Bundesliga
Leipzig feiert Aufstieg in die Bundesliga

Red-Bull-Chef Dietrich Mateschitz ist mit RB Leipzig endlich am Ziel. Sieben Jahre nach der Gründung des Klubs gelingt der Aufstieg in die Bundesliga. Die Ambitionen werden dadurch aber nicht kleiner – im Gegenteil.

LeipzigNur sieben Jahre nach seiner Gründung ist RB Leipzig der Aufstieg in die Fußball-Bundesliga gelungen. Die Mannschaft von Ralf Rangnick gewann ihr Heimspiel gegen den Karlsruher SC mit 2:0 (0:0) und kann vor dem letzten Spieltag am kommenden Wochenende nicht mehr Platz zwei verdrängt werden. Tabellenführer SC Freiburg steht schon seit einer Woche als Aufsteiger fest.

Der Schwede Emil Forsberg (52.) erlöste die Roten Bullen vor 42.559 Zuschauern in der ausverkauften Red Bull Arena, darunter auch Klub-Besitzer Dietrich Mateschitz, mit seinem Treffer zum 1:0. Es war sein achtes Saisontor. Marcel Halstenberg (87.) machte alles klar.

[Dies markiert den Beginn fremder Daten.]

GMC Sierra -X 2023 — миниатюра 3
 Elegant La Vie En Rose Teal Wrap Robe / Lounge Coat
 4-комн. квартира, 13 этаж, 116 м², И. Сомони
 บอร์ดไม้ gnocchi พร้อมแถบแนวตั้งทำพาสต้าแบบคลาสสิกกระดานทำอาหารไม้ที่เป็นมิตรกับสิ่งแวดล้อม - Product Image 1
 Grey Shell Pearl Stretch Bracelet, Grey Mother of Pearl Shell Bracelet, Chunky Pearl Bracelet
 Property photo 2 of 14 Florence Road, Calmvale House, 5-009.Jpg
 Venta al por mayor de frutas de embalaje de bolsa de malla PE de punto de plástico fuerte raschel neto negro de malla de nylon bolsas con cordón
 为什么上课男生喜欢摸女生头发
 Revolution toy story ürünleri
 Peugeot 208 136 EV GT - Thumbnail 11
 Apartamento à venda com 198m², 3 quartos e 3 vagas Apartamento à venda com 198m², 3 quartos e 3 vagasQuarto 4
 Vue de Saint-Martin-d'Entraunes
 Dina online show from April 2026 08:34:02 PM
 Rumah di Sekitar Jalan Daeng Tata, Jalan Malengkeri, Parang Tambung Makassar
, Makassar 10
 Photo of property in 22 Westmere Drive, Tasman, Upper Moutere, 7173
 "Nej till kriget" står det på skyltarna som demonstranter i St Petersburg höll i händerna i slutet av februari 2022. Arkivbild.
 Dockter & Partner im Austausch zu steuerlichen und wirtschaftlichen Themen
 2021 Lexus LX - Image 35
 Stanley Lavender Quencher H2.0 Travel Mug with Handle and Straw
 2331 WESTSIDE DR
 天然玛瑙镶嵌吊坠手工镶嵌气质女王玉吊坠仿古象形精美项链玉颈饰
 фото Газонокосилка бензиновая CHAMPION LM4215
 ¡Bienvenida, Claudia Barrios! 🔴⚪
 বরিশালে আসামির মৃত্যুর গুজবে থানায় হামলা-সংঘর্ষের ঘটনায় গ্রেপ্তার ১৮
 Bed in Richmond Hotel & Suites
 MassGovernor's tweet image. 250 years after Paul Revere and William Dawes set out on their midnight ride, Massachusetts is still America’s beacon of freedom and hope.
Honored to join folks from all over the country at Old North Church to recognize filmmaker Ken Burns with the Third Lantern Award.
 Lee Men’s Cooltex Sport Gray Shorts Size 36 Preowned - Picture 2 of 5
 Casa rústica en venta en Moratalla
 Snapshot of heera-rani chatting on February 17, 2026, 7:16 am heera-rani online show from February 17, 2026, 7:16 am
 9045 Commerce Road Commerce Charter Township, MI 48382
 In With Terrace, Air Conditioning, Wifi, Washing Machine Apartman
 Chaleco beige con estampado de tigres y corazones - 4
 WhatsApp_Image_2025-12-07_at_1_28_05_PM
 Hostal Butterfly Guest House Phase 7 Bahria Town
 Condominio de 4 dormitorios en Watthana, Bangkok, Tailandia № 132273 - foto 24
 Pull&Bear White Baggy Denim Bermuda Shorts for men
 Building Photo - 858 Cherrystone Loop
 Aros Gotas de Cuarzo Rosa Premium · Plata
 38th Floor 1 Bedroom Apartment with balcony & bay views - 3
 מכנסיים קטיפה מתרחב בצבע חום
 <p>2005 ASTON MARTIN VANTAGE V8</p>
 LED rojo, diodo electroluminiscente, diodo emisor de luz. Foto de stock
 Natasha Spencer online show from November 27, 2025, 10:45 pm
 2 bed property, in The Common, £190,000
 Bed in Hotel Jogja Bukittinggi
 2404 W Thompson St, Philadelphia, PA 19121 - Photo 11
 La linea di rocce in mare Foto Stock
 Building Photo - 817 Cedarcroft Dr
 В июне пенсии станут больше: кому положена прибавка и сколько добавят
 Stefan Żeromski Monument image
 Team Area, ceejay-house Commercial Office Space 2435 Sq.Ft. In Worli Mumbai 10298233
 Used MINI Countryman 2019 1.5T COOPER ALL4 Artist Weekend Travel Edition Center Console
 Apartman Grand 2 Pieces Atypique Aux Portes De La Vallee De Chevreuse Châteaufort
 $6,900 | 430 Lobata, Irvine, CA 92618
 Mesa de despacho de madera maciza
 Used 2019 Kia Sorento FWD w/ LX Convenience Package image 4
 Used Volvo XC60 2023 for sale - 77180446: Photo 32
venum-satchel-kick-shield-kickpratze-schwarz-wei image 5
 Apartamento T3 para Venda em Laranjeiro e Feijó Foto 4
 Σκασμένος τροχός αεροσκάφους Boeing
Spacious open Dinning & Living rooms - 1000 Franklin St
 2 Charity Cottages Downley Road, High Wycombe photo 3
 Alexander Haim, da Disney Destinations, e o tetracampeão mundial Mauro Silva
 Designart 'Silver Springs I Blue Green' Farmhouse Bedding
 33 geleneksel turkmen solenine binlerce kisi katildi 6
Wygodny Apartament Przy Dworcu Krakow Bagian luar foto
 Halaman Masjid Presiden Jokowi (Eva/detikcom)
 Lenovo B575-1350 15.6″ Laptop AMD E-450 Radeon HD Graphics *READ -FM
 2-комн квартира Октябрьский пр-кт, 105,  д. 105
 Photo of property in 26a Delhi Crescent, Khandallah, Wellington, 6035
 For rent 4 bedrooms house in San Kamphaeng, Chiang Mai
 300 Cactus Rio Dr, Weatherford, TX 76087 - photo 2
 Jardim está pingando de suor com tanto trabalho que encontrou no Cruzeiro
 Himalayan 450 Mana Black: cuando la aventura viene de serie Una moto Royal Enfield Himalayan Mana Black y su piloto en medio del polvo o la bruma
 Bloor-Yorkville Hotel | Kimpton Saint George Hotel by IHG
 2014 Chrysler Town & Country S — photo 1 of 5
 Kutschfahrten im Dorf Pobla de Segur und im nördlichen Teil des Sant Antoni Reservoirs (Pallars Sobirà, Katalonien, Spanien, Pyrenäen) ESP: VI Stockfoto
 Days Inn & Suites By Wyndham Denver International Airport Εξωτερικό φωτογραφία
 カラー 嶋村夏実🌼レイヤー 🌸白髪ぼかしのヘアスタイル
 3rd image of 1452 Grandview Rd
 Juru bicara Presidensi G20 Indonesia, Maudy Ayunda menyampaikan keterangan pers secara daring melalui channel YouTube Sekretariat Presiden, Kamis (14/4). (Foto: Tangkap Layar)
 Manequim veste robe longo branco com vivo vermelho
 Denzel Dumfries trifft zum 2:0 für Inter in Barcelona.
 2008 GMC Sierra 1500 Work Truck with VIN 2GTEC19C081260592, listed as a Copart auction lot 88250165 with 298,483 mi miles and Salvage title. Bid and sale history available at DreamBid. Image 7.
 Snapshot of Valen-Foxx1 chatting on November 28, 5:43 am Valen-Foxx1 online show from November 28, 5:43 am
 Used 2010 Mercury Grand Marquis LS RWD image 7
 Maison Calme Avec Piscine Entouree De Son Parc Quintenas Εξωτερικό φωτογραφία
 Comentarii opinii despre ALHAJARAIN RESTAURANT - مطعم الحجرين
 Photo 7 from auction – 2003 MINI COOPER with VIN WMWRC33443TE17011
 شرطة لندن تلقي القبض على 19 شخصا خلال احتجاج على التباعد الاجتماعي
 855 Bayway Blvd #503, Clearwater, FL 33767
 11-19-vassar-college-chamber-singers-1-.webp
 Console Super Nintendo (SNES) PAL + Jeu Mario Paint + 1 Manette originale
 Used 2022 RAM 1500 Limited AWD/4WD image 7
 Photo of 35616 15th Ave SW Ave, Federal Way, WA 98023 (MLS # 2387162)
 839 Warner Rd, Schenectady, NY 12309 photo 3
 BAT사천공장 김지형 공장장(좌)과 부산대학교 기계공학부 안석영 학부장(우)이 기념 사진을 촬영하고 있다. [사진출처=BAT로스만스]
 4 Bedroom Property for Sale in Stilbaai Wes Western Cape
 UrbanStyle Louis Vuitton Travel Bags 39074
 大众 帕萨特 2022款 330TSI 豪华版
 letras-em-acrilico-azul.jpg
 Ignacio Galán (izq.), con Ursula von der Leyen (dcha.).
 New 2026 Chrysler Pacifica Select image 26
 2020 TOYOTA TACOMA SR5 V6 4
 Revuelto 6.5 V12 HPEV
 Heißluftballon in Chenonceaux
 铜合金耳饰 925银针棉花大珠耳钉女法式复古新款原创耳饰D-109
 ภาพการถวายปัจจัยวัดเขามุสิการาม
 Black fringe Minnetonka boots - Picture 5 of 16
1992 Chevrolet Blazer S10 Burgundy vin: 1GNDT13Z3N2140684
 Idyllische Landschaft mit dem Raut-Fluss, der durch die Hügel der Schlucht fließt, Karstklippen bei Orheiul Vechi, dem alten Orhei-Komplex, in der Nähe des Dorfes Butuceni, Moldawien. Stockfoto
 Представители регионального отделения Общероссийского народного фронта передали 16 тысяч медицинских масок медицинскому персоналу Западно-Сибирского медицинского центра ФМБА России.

Seit Gründung von RasenBallsport im Jahr 2009 war die Bundesliga das erklärte Ziel von Red-Bull-Chef Mateschitz. 2009 hatte der Brause-Klub das Startrecht des SSV Markranstädt für die Oberliga übernommen. Nach einem Jahr in der fünften Klasse ging es kontinuierlich nach oben: Drei Jahre Regionalliga, ein Jahr 3. Liga, zwei Jahre 2. Liga.

RB Leipzig ist der 55. Klub in der Geschichte der Fußball-Bundesliga und nach dem Abstieg von Energie Cottbus 2009 der erste Verein aus den neuen Bundesländern, der zum Oberhaus dazugehört. Leipzig war bislang mit dem VfB in der Saison 1993/94 in der Bundesliga vertreten gewesen.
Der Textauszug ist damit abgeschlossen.